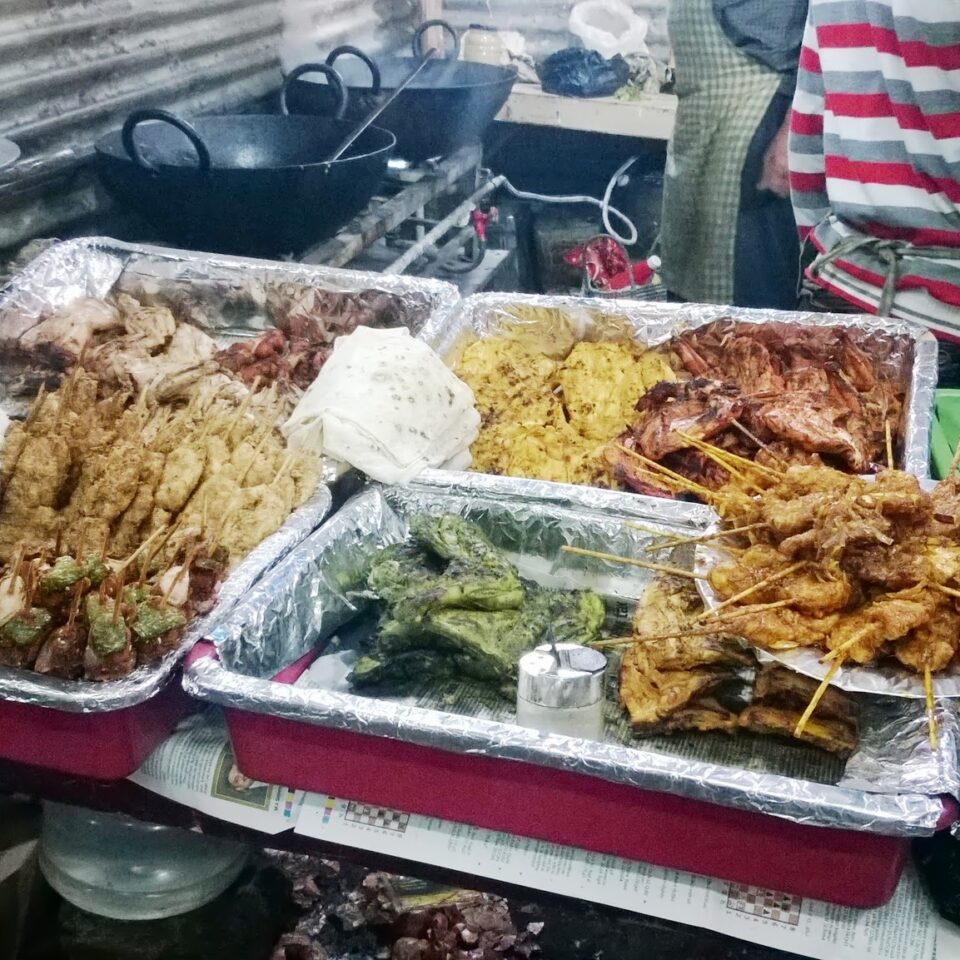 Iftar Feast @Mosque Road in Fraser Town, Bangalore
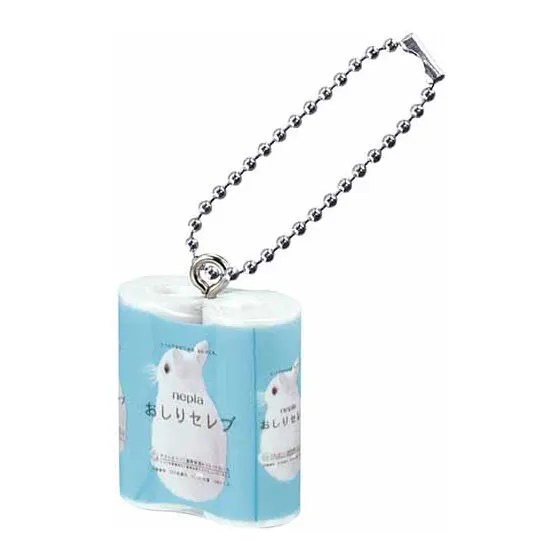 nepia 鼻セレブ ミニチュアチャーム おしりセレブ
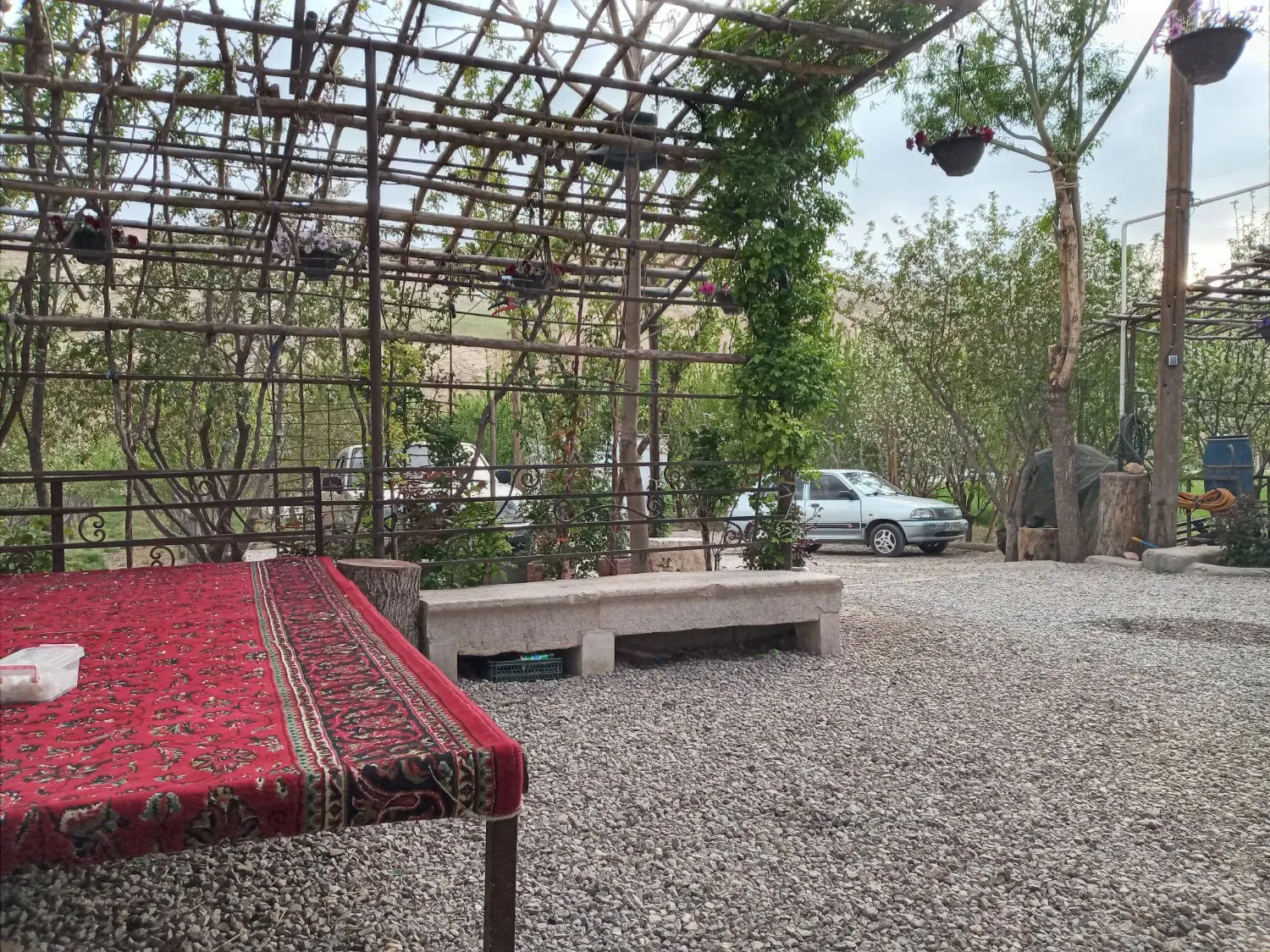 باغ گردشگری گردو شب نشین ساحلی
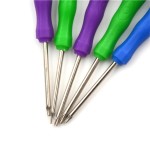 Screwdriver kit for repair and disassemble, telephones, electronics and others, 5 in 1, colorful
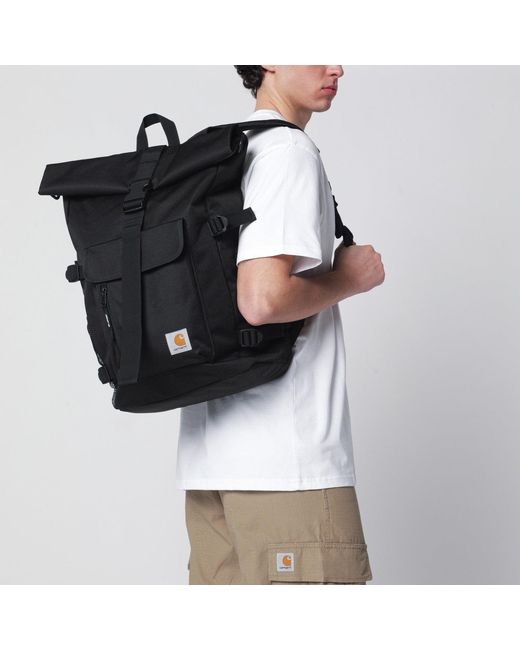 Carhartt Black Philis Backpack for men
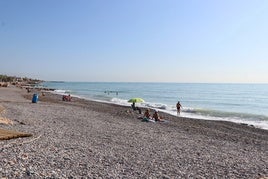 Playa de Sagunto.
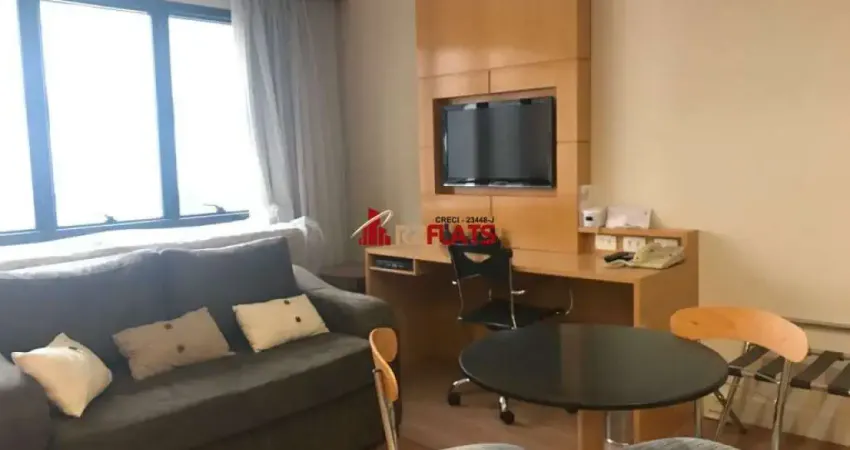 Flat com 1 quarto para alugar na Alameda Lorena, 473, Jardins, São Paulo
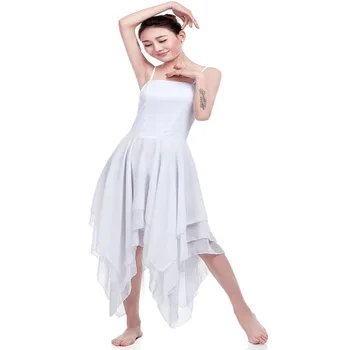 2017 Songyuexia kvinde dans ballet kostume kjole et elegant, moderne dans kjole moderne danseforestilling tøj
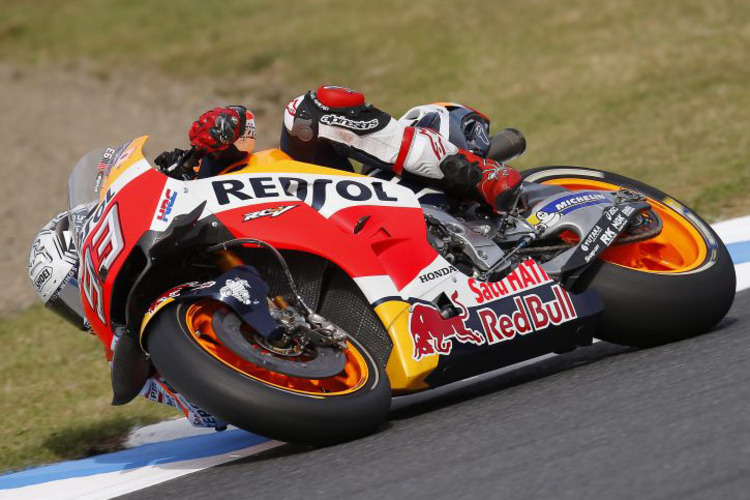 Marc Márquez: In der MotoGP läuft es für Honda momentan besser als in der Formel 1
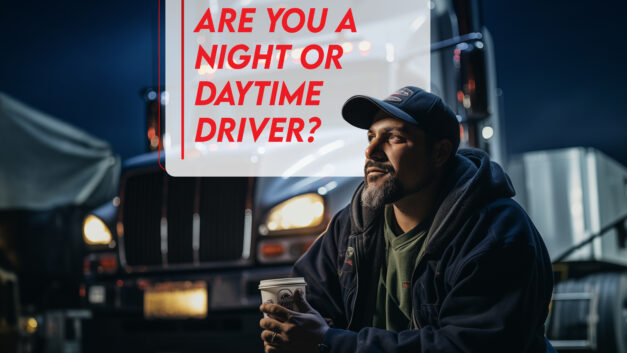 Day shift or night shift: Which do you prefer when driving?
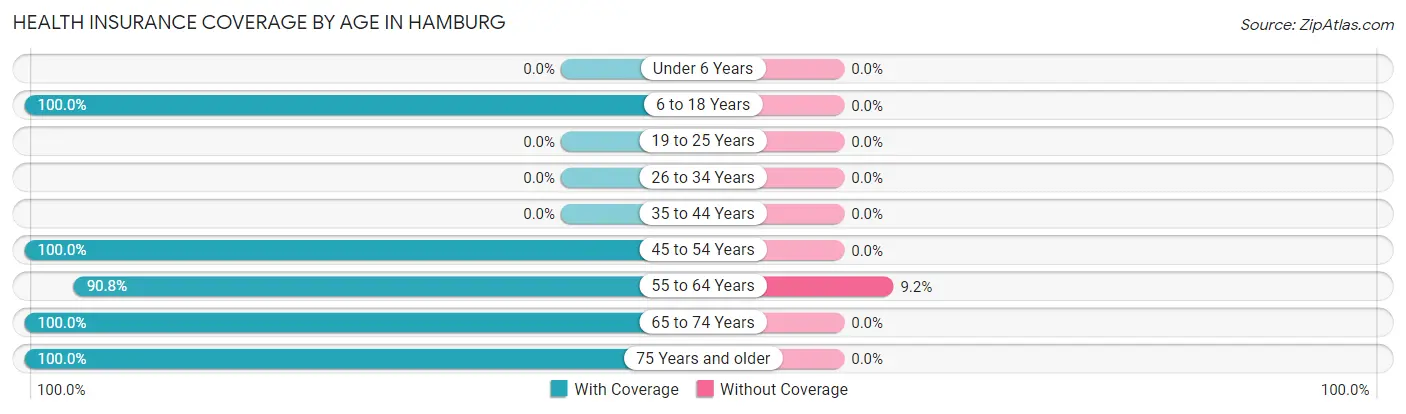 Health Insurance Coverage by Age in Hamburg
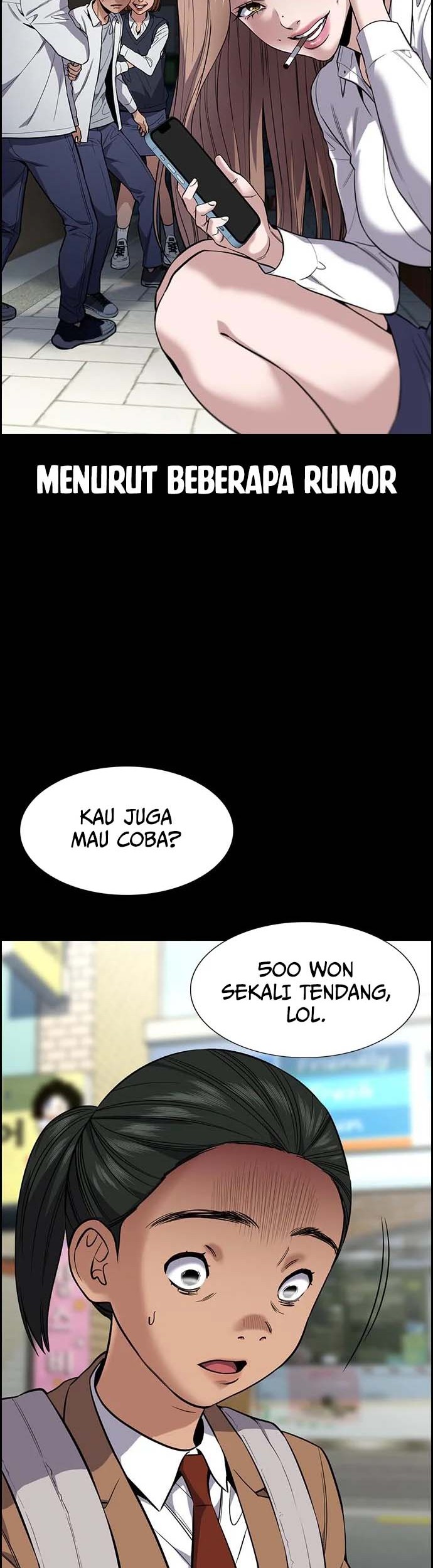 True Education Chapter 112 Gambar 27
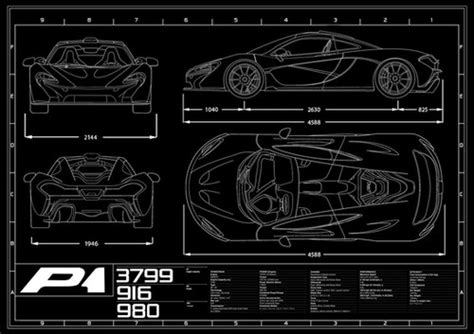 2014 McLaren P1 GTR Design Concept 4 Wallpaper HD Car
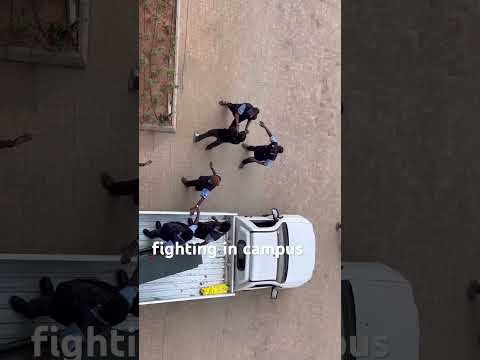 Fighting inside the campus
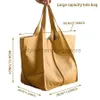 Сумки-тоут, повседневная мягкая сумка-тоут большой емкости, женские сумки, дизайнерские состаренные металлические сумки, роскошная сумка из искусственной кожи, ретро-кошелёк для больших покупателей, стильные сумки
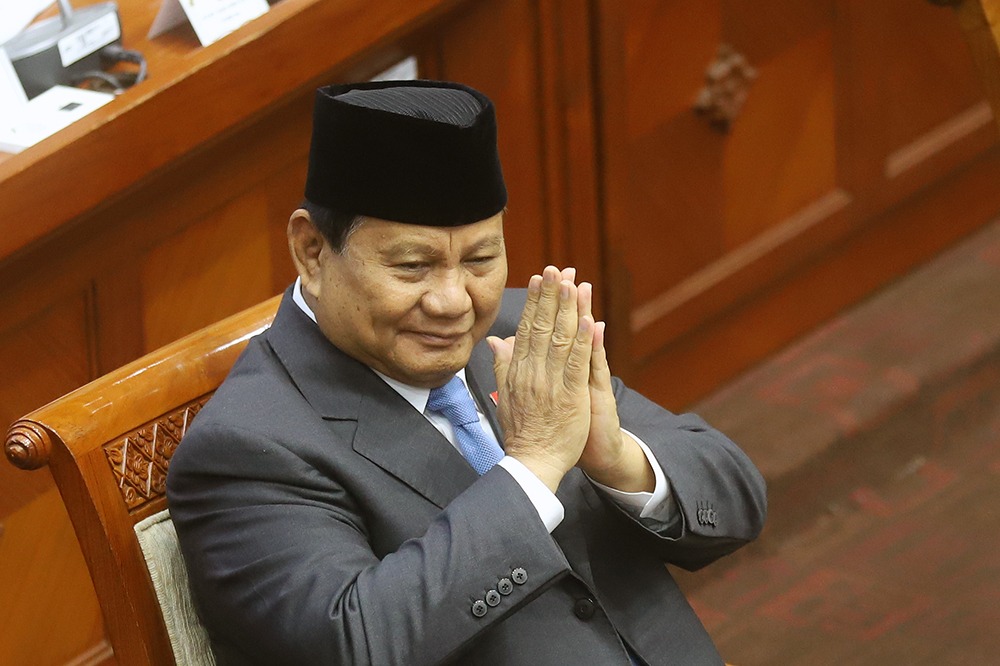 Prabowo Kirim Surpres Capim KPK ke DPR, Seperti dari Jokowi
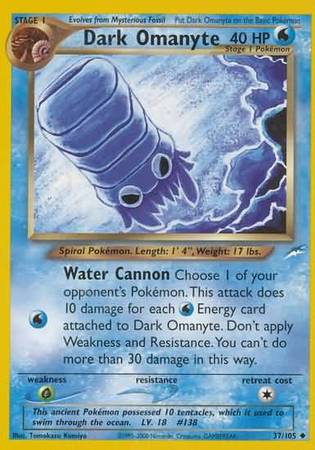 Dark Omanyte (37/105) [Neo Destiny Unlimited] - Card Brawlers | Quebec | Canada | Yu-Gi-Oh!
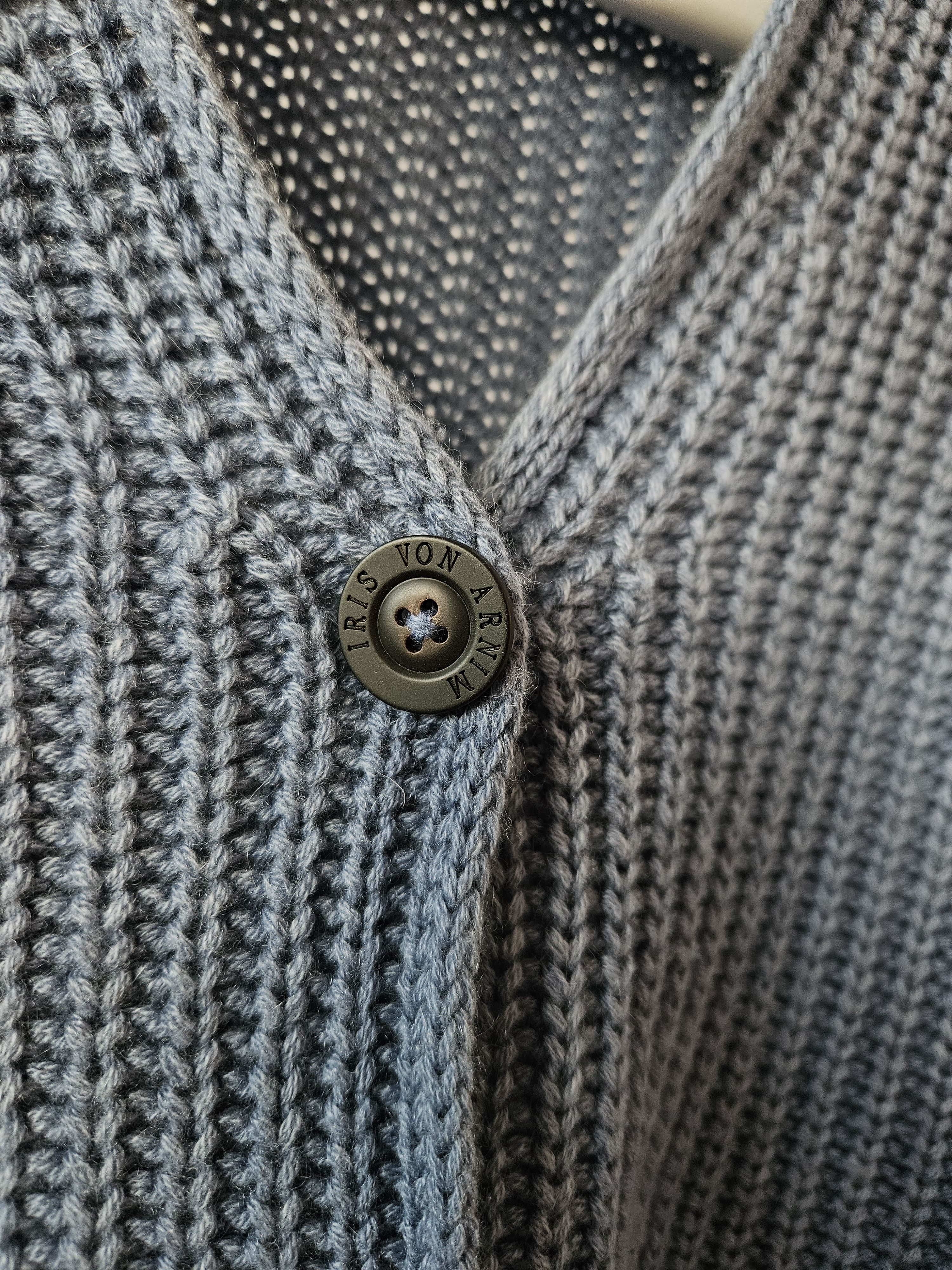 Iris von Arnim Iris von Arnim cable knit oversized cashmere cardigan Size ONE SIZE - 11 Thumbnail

○ ○ ○ ○

▸ Problem: Reproduce every line above exactly, pictures excluded.

▸ Your solution:
 Iftar Feast @Mosque Road in Fraser Town, Bangalore
 nepia 鼻セレブ ミニチュアチャーム おしりセレブ
 باغ گردشگری گردو شب نشین ساحلی
 Screwdriver kit for repair and disassemble, telephones, electronics and others, 5 in 1, colorful
 Carhartt Black Philis Backpack for men
 Playa de Sagunto.
 Flat com 1 quarto para alugar na Alameda Lorena, 473, Jardins, São Paulo
 2017 Songyuexia kvinde dans ballet kostume kjole et elegant, moderne dans kjole moderne danseforestilling tøj
 Marc Márquez: In der MotoGP läuft es für Honda momentan besser als in der Formel 1
 Day shift or night shift: Which do you prefer when driving?
 Health Insurance Coverage by Age in Hamburg
 True Education Chapter 112 Gambar 27
 2014 McLaren P1 GTR Design Concept 4 Wallpaper HD Car
 Fighting inside the campus
 Сумки-тоут, повседневная мягкая сумка-тоут большой емкости, женские сумки, дизайнерские состаренные металлические сумки, роскошная сумка из искусственной кожи, ретро-кошелёк для больших покупателей, стильные сумки
 Prabowo Kirim Surpres Capim KPK ke DPR, Seperti dari Jokowi
 Dark Omanyte (37/105) [Neo Destiny Unlimited] - Card Brawlers | Quebec | Canada | Yu-Gi-Oh!
 Iris von Arnim Iris von Arnim cable knit oversized cashmere cardigan Size ONE SIZE - 11 Thumbnail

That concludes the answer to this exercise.